With that all explained, Watanabe prepared his Kale Salad with Poke. He placed large cubes of ahi in the zuke for about 30 seconds, moving them around to make sure they all were evenly sauced. Then he placed them in a bowl of sesame oil for about the same time. Finally, they were dipped in rayu, a red pepper oil.
The ahi pieces were placed on a bed of chopped kale--but you could use any greens you want.
To that he added pieces of avocado, tomato, and Japanese cucumber, and some cilantro leaves. He dressed the salad with a sesame dressing (no recipe offered here, but you can find recipes online pretty easily).
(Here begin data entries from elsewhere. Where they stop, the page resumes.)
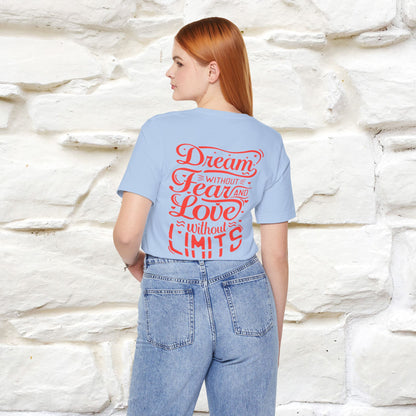 "Dream Without Fear And Love Without Limits'' Cat T-Shirt | Front & Back Design | Nunu&Miao Studio - Nunu&Miao Studio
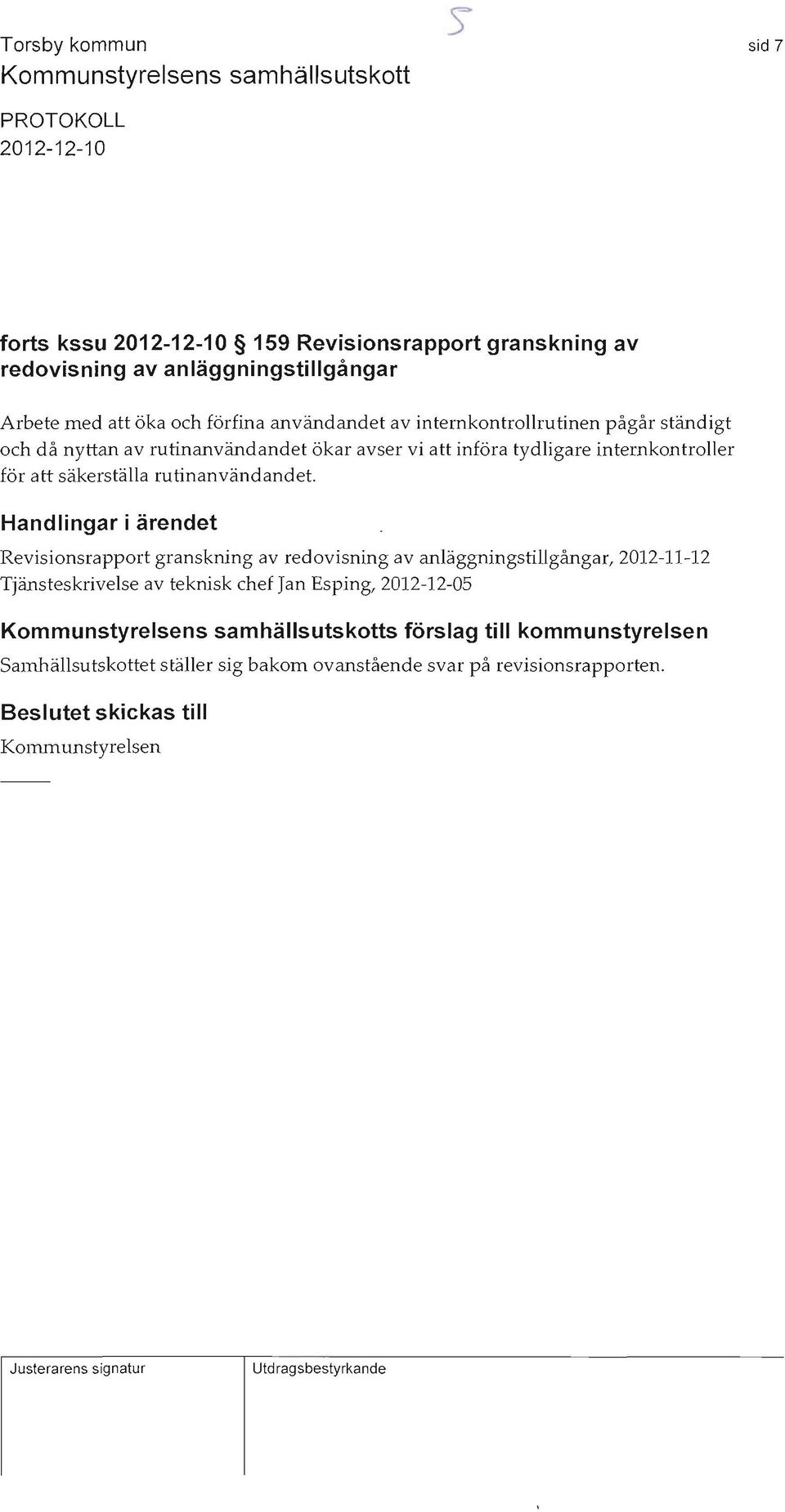 Handlingar i ärendet Revisionsrapport granskning av redovisning av anläggningstillgångar, 2012-11-12 Tjänsteskrivelse av teknisk chef Jan Esping, 2012-12-05 Kommunstyrelsens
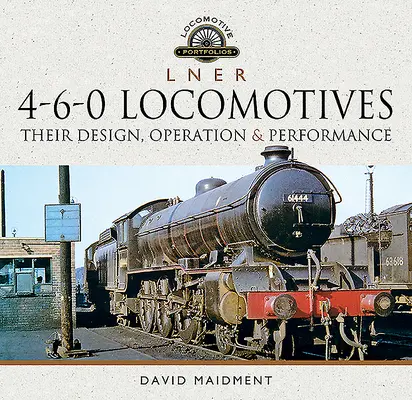 L N E R 4-6-0 Locomotives : Leur conception, leur fonctionnement et leurs performances - L N E R 4-6-0 Locomotives: Their Design, Operation and Performance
Once we were seated he poured out little dipping bowls of spicy Kewpie mayo and red spicy miso sauce. Both were delicious--hot, but more like a nice kick than tear producing. In fact, I hope he bottles that red spicy miso sauce; it's that good.
With that we dug in, dipping the marinated ahi into the sauces before each bite, even dipping the kale and other vegetables in the sauces as well.
This dish is on the menu at Rakiraki. And, stay tuned. Watanabe is nothing if not über entrepreneurial. Currently, he has Rakiraki and Angels & Hearts Creperie within Rakiraki and he's also a partner in a stand-up sushi restaurant in Tokyo. He's now building out Pokirrito, which is attached to Rakiraki on the Convoy St. side of the building. Yeah, you guessed it, he'll be making the now ubiquitous combo of sushi or poke and burrito, using nori as the wrapper, lined in a uniformly thin layer of with rice, thanks to this very cool machine he has in his kitchen that he also uses to make sushi rolls. Both restaurants will also be in Little Italy and he's planning a noodle and yakitori shop next door to Angels & Hearts, along with a remodel of the creperie.
Rakiraki Ramen & Tsukemen is located in the Convoy District at 4646 Convoy St.